In case you didn’t know, I’m Brazilian! I know I hammer this into people’s heads, but it’s a big part of my identity that I am not sure shows on my blog very often, especially on my reading. It’s recently come to my attention the glaringly obvious fact that I read mostly books from US & UK – in fact, I might read more Irish books than Brazilian. Which is unacceptable.

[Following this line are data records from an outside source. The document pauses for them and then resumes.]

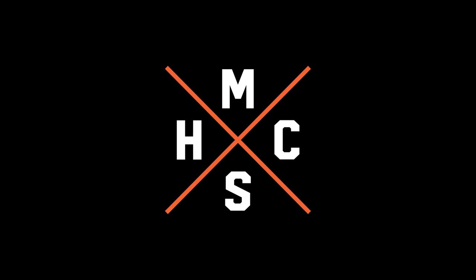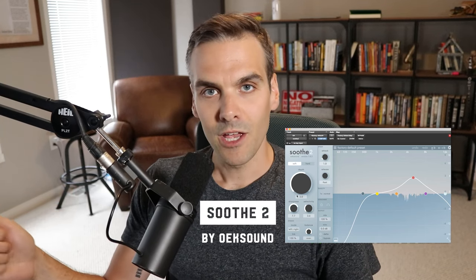Final verdict on this plug-in: Soothe from Oeksound has got to be the most hyped plug-in I've seen over the past year or more. I keep seeing my students in my courses talking about it and asking questions about it, and I've seen lots of people post about this plug-in. I've just seen it a lot and seen a lot of people really liking it lately.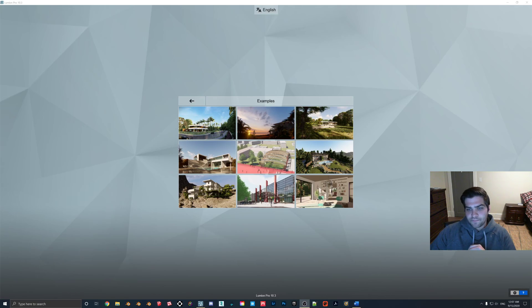This is going to be a pretty quick tutorial just about how to take a finished photo that you've made in Lumion and then bring it into Lightroom. This is a pretty basic tutorial, as you can probably see by the length of the video. This is not going to take long.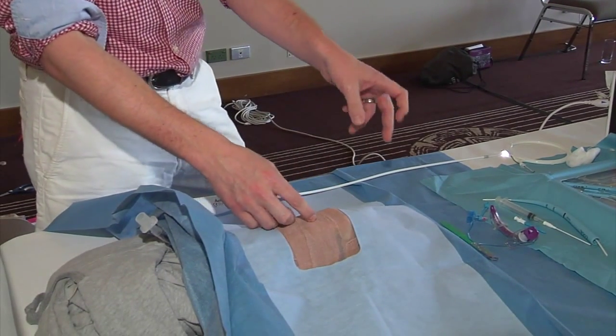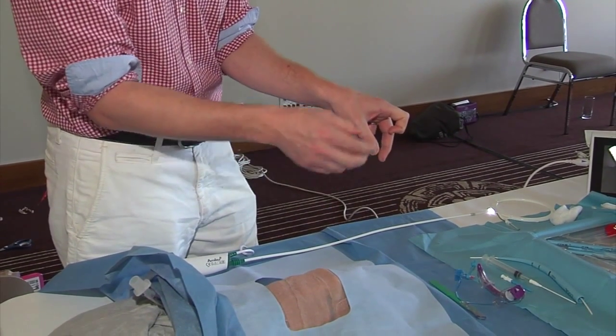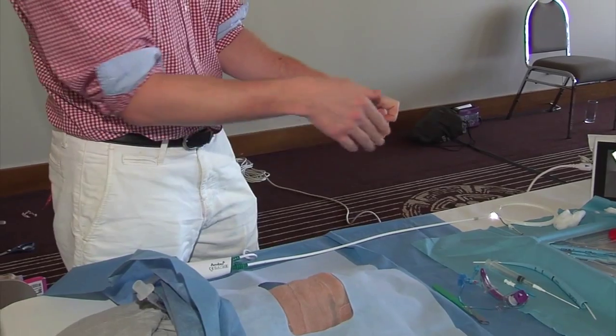When you're actually doing it, keep holding the cricoid ring at all times. That stabilises the trachea, stops it slipping from one side to the other, and gives you a tactile feeling of where the midline is, so you get the needle going in the middle.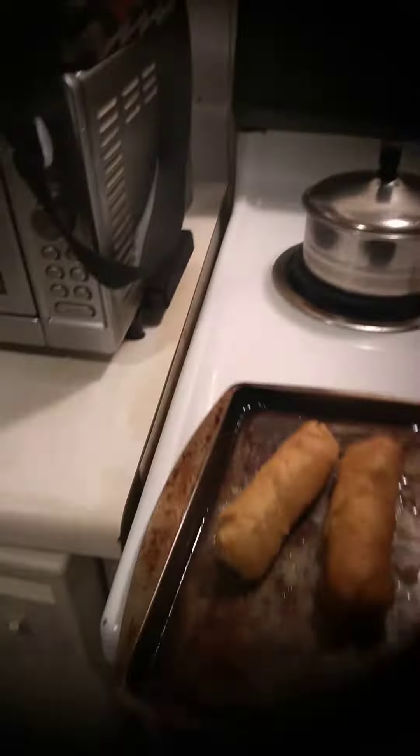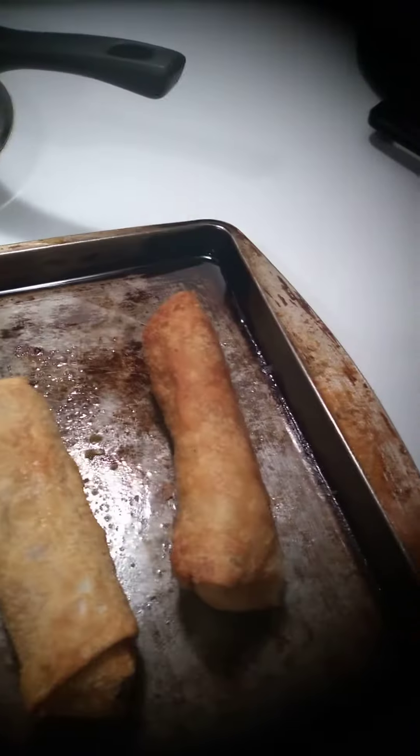The package said 10 to 12 minutes but I left them in for about 20 minutes, and that's the result right here. These are the little sauce packets that come in there. As always, the Lord is my shepherd, I shall not want. Love you guys, bye bye.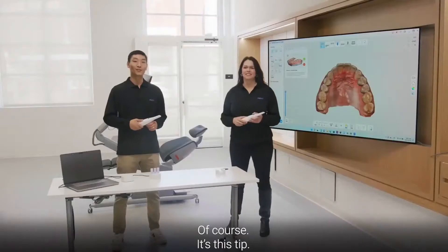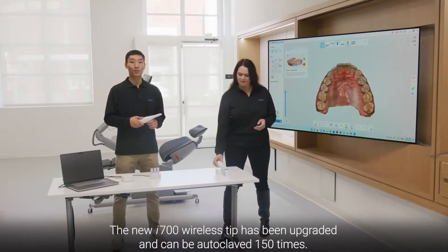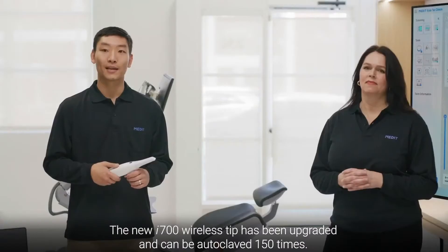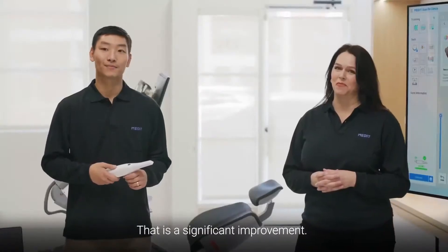And there's a surprise with this tip. The previous version of the reusable tip could be autoclaved up to 100 times. The new i700 Wireless tip has been upgraded and can be autoclaved 150 times. That's a significant improvement.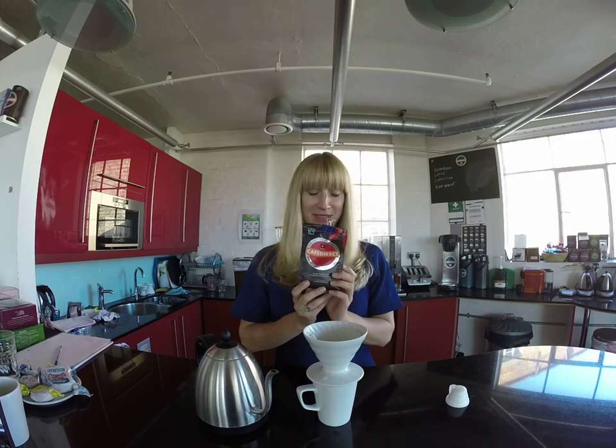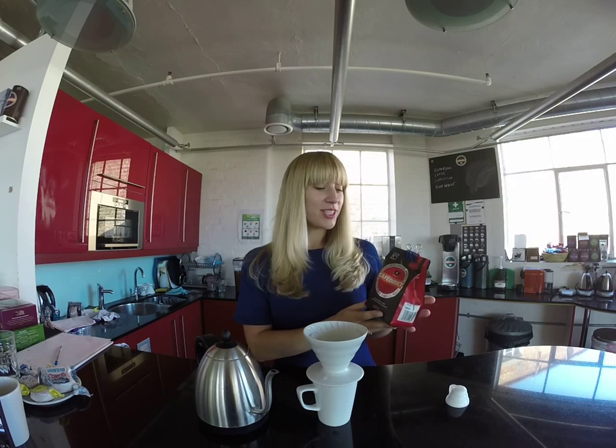Hello and welcome to the Cafe Direct kitchen. Today we're going to brew some of our delicious Colombian coffee. I wanted to brew this today because I just got back from a trip earlier in the summer and we were really inspired by the groups that we were working with there. They work so hard on the quality and it's a great coffee and we're really proud of it.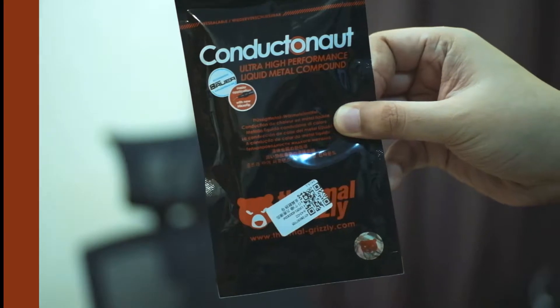But today we are going to take it a step further by using the Thermal Grizzly Conductanaut. Because it is liquid and a combination of different metals, the transfer of heat would be much more efficient.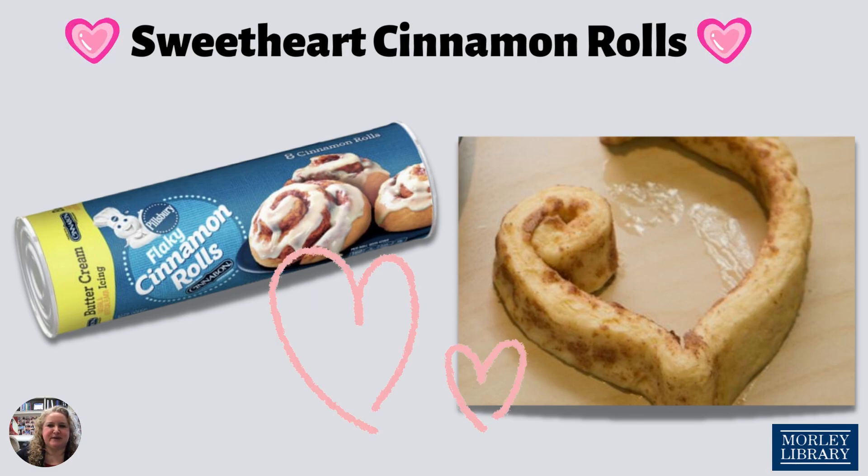Here's a special tip: for the best heart shapes, keep the coiled pieces as similar as possible. This hack was sourced from Pillsbury.com.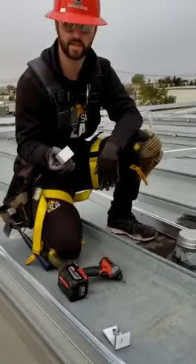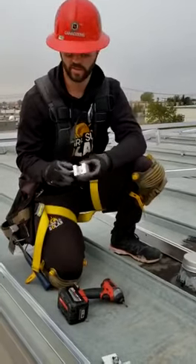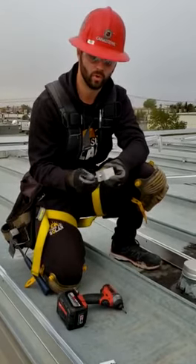This is a standing seam metal roof clamp for solar racking. It has a set screw on the edge with a round edge so it doesn't put a hole in your metal. It's designed to clamp onto the standing seam rim.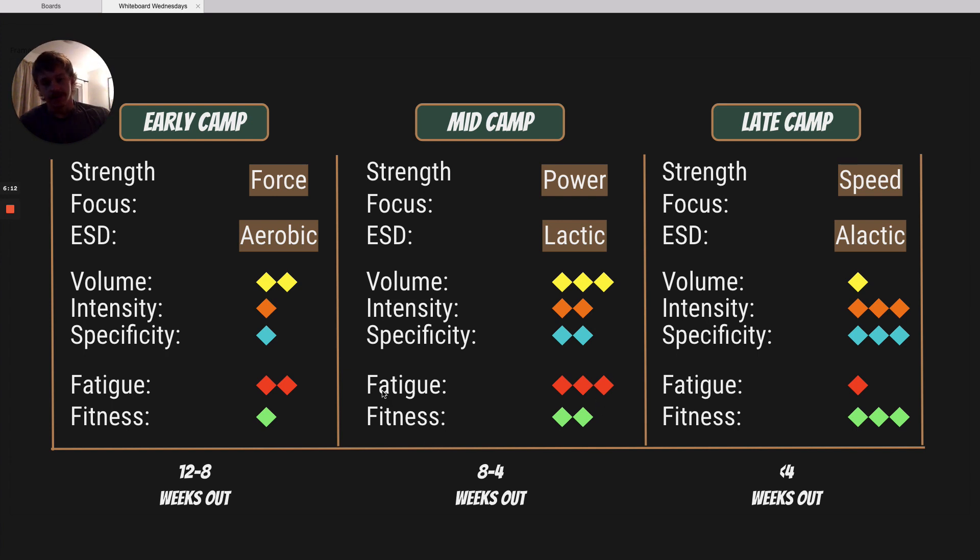Looking at our athlete's fatigue and fitness in mid camp: their fatigue is going to be the highest it will ever be during camp, right in this middle portion. This is really a tough portion of camp where the athlete is working through a lot of fatigue. Their fitness levels are going to be increasing, but they're not really going to be able to express that fitness because they're carrying so much accumulated fatigue over the last four to eight weeks of training.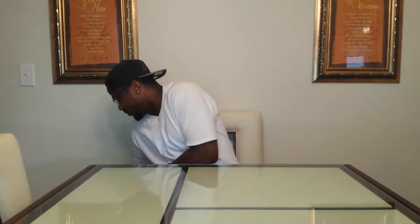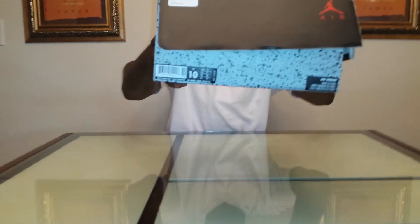Without further ado, let's get into the review. We have a classic Jordan box with the cement print down at the bottom. As you can see, this is a size 10 — my size. This was a much-anticipated shoe for me, so let's open up the box and see what we got.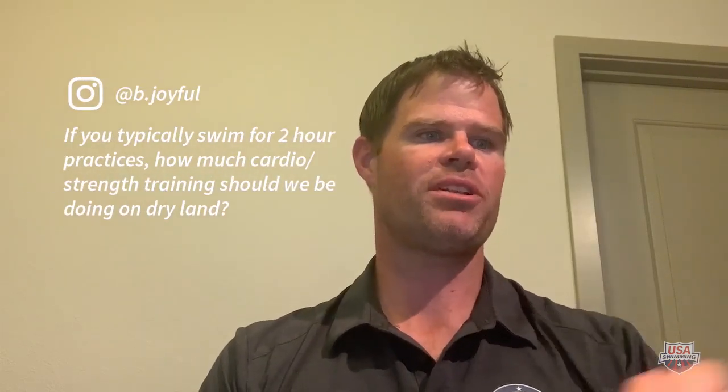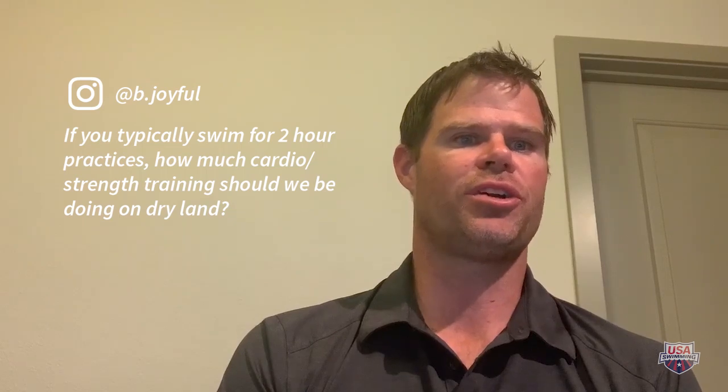Question six from B.joyful on Instagram: if you typically swim for two-hour practices, how much cardio and strength training should we be doing on land? I think I kind of answered that earlier when discussing when dry land becomes essential. If you're swimming for two hours, I ask: why do we need more cardio? If you can't enhance your aerobic, anaerobic, and glycolytic systems in two hours of swimming, I've got no answers. So we can pretty much scratch out cardio in terms of dry land activity.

Realizing this was a reality check and so I’ve been taking steps to read more Latinx books. To do that, Michelle is helping me come up with a TBR according to my personal taste. In case you didn’t know, she is a wonderful blogger (and fellow Latin American, from Venezuela!) who’s offering TBR-picking services for bookworms! Not just of Latinx books 🙂
If you, like me, want to diversify your reading, she will choose a few books for you and email you her picks according to your personal taste & what you’d like to read – I asked her for some Latinx books, especially some written by women, and she delivered! I’m excited to read books that were not on my radar at all or that I hadn’t considered picking up before. I’ve only read 1 so far but I loved it already and it’s always so exciting to get her emails!
(I am advertising this because she absolutely deserves it, but I haven’t been neither paid nor asked to do this. I used her service, paid for it myself and really enjoyed it. For full disclosure, we are friends for a few years now.)
In the Time of the Butterflies by Julia Alvarez
Julia Alvarez is a Dominican-American author, and this book is about the Mirabal sisters with a fictionalized accounting of their lives, from childhood until the day three of the sisters are murdered by Trujillo men. This is a fascinating, heartbreaking but also very inspiring read and such a gem! (And recommended by Michelle!)
Este é o Mar / Éste es el Mar by Mariana Enriquez
I didn’t love this one but I’m willing to give a chance to Things we Lost in the Fire, which is a horror with fantastical elements and sounds amazing. Este és el Mar tells the story of a mythical creature called Helena, who starts off in the Hive and wants to become a Luminosa – one of the undying, beautiful beings who turn Rock Stars into Legends, to be remembered and adored for all eternity. I haven’t seen an English translation yet.
Perto do Coração Selvagem / Near to the Wild Heart by Clarice Lispector
Another sort-of-miss for me! I see how this could be a brilliant read for some people, but for me it didn’t work; it was a bit too meandering and vague.
That will surely teach me to pick up only the stuff Michelle recommends! 2/3 of the recent reads I didn’t really like, and were both my own picks.
Some Books on my TBR
I’m not listing everything because I think that’s a bit tedious, so here are some books on my TBR that are also available in English and I’m very excited to read!
A Chave de Casa / The House in Smyrna by Tatiana Salem Levy
A recommendation by Michelle that I’m SO excited for!
In Rio de Janeiro, a woman suffering from a mysterious illness, which is eroding her body and mind, decides to accept a challenge from her grandfather: to take the key to the house where he grew up — in the Turkish city of Smyrna — and open the door.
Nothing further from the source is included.